Input material START
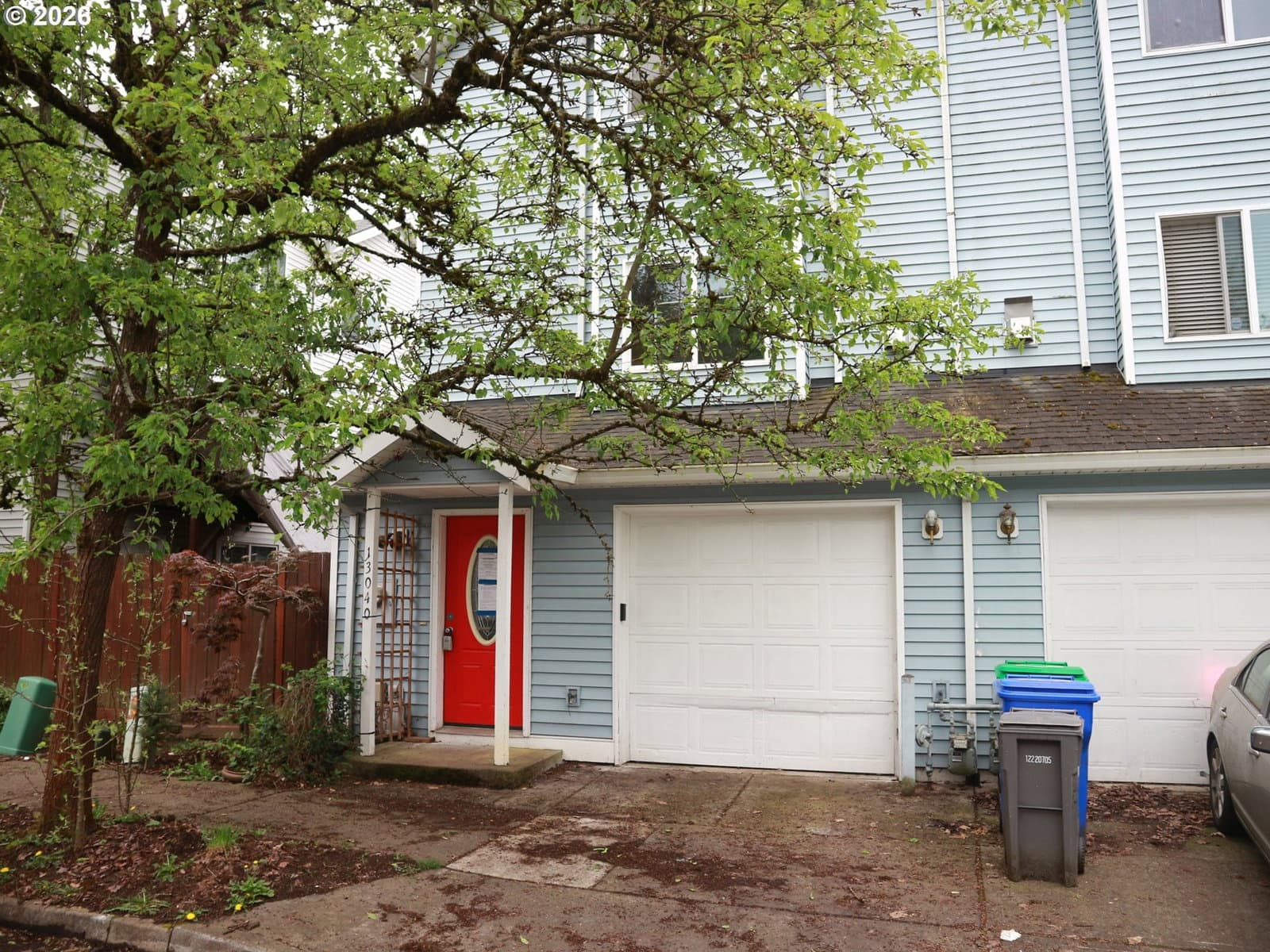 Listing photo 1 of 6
Input material END
Input material START
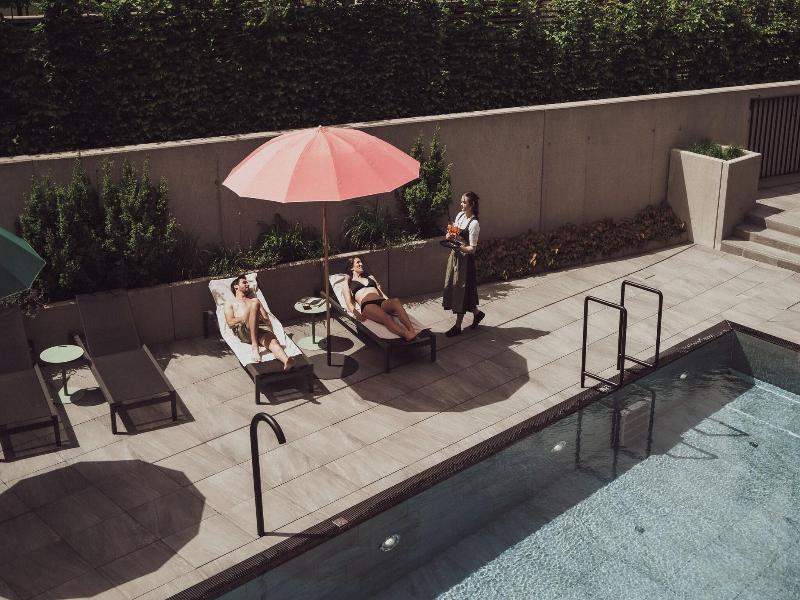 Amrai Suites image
Input material END
Input material START
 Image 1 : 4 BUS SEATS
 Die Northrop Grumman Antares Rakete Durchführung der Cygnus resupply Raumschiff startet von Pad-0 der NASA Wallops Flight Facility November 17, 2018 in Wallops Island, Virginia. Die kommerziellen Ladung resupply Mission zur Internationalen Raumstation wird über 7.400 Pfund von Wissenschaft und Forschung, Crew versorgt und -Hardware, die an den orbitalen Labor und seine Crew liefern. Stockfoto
Input material END
» Problem
Output exactly one stretch of the listing: from the line containing "Image 1 : 4 BUS SEATS" through the line containing "Die Northrop Grumman", both end lines included.

» Reply to the task
 Image 1 : 4 BUS SEATS
 Die Northrop Grumman Antares Rakete Durchführung der Cygnus resupply Raumschiff startet von Pad-0 der NASA Wallops Flight Facility November 17, 2018 in Wallops Island, Virginia. Die kommerziellen Ladung resupply Mission zur Internationalen Raumstation wird über 7.400 Pfund von Wissenschaft und Forschung, Crew versorgt und -Hardware, die an den orbitalen Labor und seine Crew liefern. Stockfoto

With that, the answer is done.